When recognition control portion 43 receives the coordinates of the pixels from pattern recognizing device 140, i.e., when either cross/L-shaped/T-shaped pattern detecting portion 143 or second cross pattern detecting portion 145 detects the cross pattern, short/surplus determining portion 46 determines that the interconnection in the layout image has a short-circuited portion or a surplus portion, and display device 150 displays to that effect. When recognition control portion 43 does not receive the coordinate of any pixel from pattern recognizing device 140, i.e., when neither cross/L-shaped/T-shaped pattern detecting portion 143 nor second cross pattern detecting portion 145 detects the cross pattern, short/surplus determining portion 46 determines that the interconnection in the layout image has neither a short-circuited portion nor a surplus portion, and display device 150 displays to that effect (S411).
(Operation Example)
An example of the operation according to this embodiment will now be described. FIG. 24 shows some blocks in the layout of the interconnections shown in FIG. 18B, and particularly shows blocks, in which a cross pattern, an L-shaped pattern and T-shaped patterns are detected by the primary detection processing of pattern recognizing device 140, respectively. As shown in FIG. 24, block A includes a cross pattern shown in FIG. 22A, and this pattern is detected by cross/L-shaped/T-shaped pattern detecting portion 143. Block C includes an L-shaped pattern shown in FIG. 22B, and this pattern is detected by cross/L-shaped/T-shaped pattern detecting portion 143. Blocks B and D include T-shaped patterns shown in FIG. 22C, respectively, and these patterns are detected by cross/L-shaped/T-shaped pattern detecting portion 143.
FIG. 25 shows a block group in the interconnection layout shown in FIG. 18B, and particularly shows the block group, in which the cross patterns are detected by the secondary detection processing of pattern recognizing device 140. Referring to FIG. 25, the cross pattern is detected by the secondary detection processing in the block group of 3-by-3 blocks formed of block B, in which a T-shaped pattern is detected by the primary detection processing, and eight blocks neighboring to block B. This is for the following reasons. Since all the pixels in each of the upper left, lower left, upper right and lower right blocks belonging to the above block group take the values of “0”, these blocks are reduced to the pixels of pixel values of “0”, respectively. Other blocks contain the pixels of pixel values of “1”, and therefore are reduced to the pixels of pixel values of “1”, respectively. The pixel group of 3-by-3 pixels thus produced contains the cross pattern. Therefore, the cross pattern is detected as described above.

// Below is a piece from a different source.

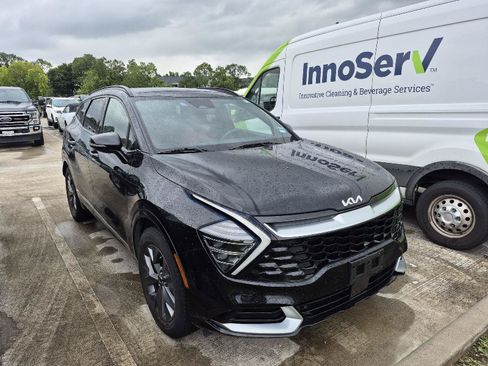 Used 2024 Kia Sportage SX FWD image 12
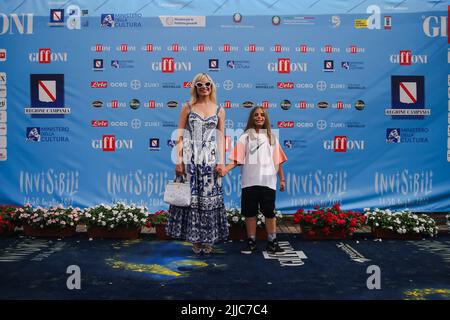 NESSUN CREDITO: Micaela Ramazzotti al Giffoni Film Festival, accompagnato dalla figlia Anna Virzì. Foto Stock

Also, the cross pattern is detected by the secondary detection processing in the block group of 3-by-3 blocks formed of block C, in which an L-shaped pattern is detected by the primary detection processing, and eight blocks neighboring to block C. This is for the following reasons. Since all the pixels in each of the upper left, lower left, upper right and lower right blocks belonging to the above block group take the values of “0”, these blocks are reduced to the pixels of pixel values of “0”, respectively. Other blocks contain the pixels of pixel values of “1”, and therefore are reduced to the pixels of pixel values of “1”, respectively. The pixel group of 3-by-3 pixels thus produced contains the cross pattern. Therefore, the cross pattern is detected as described above.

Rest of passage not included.